Toshiba Corp. showed off new notebooks with its "Express Media Player," which lets users instantly play audio or video DVDs and CDs with a simple push of a button and without the need to first boot the Microsoft Corp. Windows operating system.

The Japanese electronics giant was among the first to feature a no-waiting TV mode in 2004 with its Qosmio multimedia laptop.

It then began to put the boot-less mode on its high-end models. This year, Toshiba plans to integrate the feature in about 80 percent of its models.

Hewlett-Packard Co. also introduced similar "QuickPlay" technology in one laptop over a year ago. It has since expanded it across four model lines, including its newest HP Pavilion dv1000 debuting at CES.

"Eventually every notebook will have this capability in the next couple of years," said Carl Pinto, a Toshiba product development director. "As digital convergence has made notebooks more of an entertainment device, the whole concept is to make it operate more like a DVD player or other consumer electronics."

Put it this way: How long do you wait after you push the power button to get your radio, digital camera or cell phone to start working? Maybe 10 or 15 seconds if your handset is a smartphone. By contrast, it still typically takes anywhere from two to four minutes for a computer to boot up its operating system and be ready for duty.

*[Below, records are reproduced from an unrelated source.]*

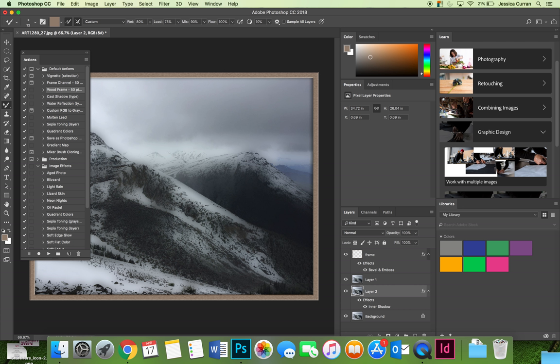The one that I just applied was a wood frame 50 pixels wide and you can see that I have one action that changed the look of my image to make it look more like an illustration in a comic book and then I applied a frame to the edge to make it look like it's framed artwork.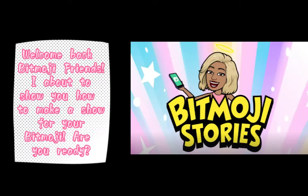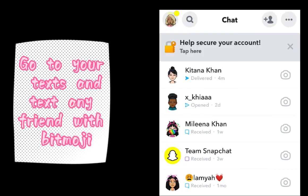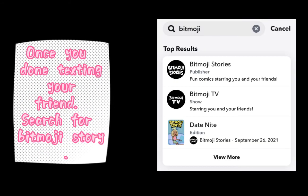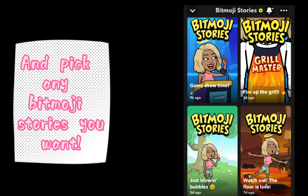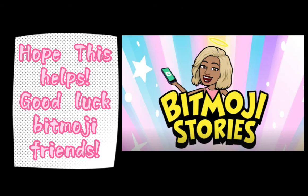Welcome back Bitmoji friends. I'm about to show you how to make a show for your Bitmoji. Are you ready? Go to your texts and text any friend with Bitmoji. Once you're done texting your friend, search for Bitmoji story and pick any Bitmoji stories you want.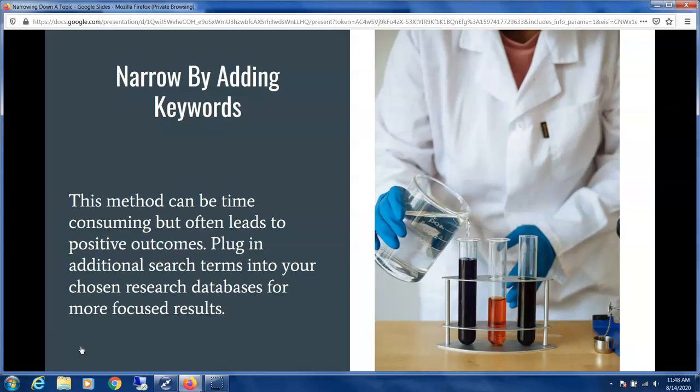We can use two other practical models to accomplish this task as well. The first is narrowing down by adding keywords. This method is more methodical and involves plugging in different search terms, querying a database, and possibly having to repeat this with different search terms multiple times. This will get you more focused results.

Microsoft, whose nearly ubiquitous Windows platform is expanding into ever more mobile and entertainment-oriented gadgets, knows improvements are needed. It promises to address that issue in its upcoming Windows upgrade, called Vista, due for release by the end of the year.

In one such feature, called Sideshow, laptops would be able to retrieve phone contacts, to-do lists or other organizer-type files -- all without the need to turn on the machine or boot up the main operating system. Instead, users could instantly access that data, which would be displayed on a small screen embedded in the notebook's lid.

Microsoft Chairman Bill Gates showed a prototype of the SideShow technology during his keynote Wednesday night.

PortalPlayer Inc., which is providing Microsoft with the semiconductors and software components for Sideshow, says its technology would even allow for PowerPoint presentations to be displayed or controlled from the small touch screen. (MSNBC is a Microsoft - NBC joint venture.)

Some laptop prototypes were on display at CES but notebook makers are not expected to incorporate "Preface" technology until after Windows Vista is released, said Arman Toorians, senior director of technical marketing at PortalPlayer.

Companies could also apply the technology to multimedia computers, Toorians said.

In the meantime, Intel Corp.'s new Viiv platform of technologies for home entertainment PCs will also allow users to instantly turn their machines on or off after an initial boot.

The feature actually amounts to something of a deception: It works by making the PC only appear to be off by powering down the monitor, audio and external LED lights of the system.

In the "off" state, the machine is actually operating normally and capable of doing tasks such as recording a TV show.

The technology appears to be similar to a new feature called "Away Mode" on some current PCs running Microsoft's Windows XP Media Center Edition.